# GOAL OF THE EXERCISE
Return all the data below as it stands, minus the pictures.

AVAILABLE DATA below:

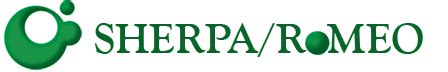 SHERPA/RoMEO project - database to search for OA status of scholarly journals | Challenges ...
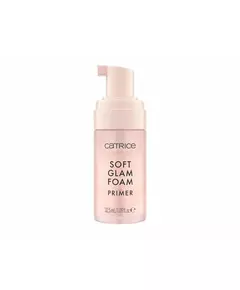 Base de maquillage liquide Catrice Soft Glam Radiant, 32,5 ml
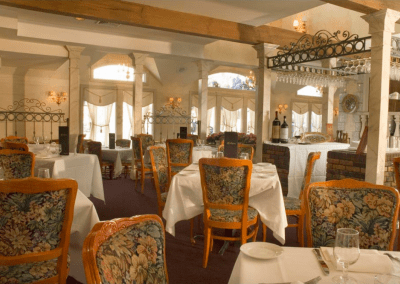 L'allegria Restaurant in Madison, NJ Dining Room DiRoNA Awarded Restaurant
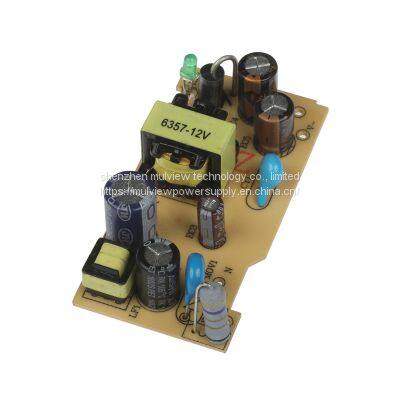 12V 1A UK Wall Mount AC/DC Power Charger photo-2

End of AVAILABLE DATA.

# RESULT
 SHERPA/RoMEO project - database to search for OA status of scholarly journals | Challenges ...
 Base de maquillage liquide Catrice Soft Glam Radiant, 32,5 ml
 L'allegria Restaurant in Madison, NJ Dining Room DiRoNA Awarded Restaurant
 12V 1A UK Wall Mount AC/DC Power Charger photo-2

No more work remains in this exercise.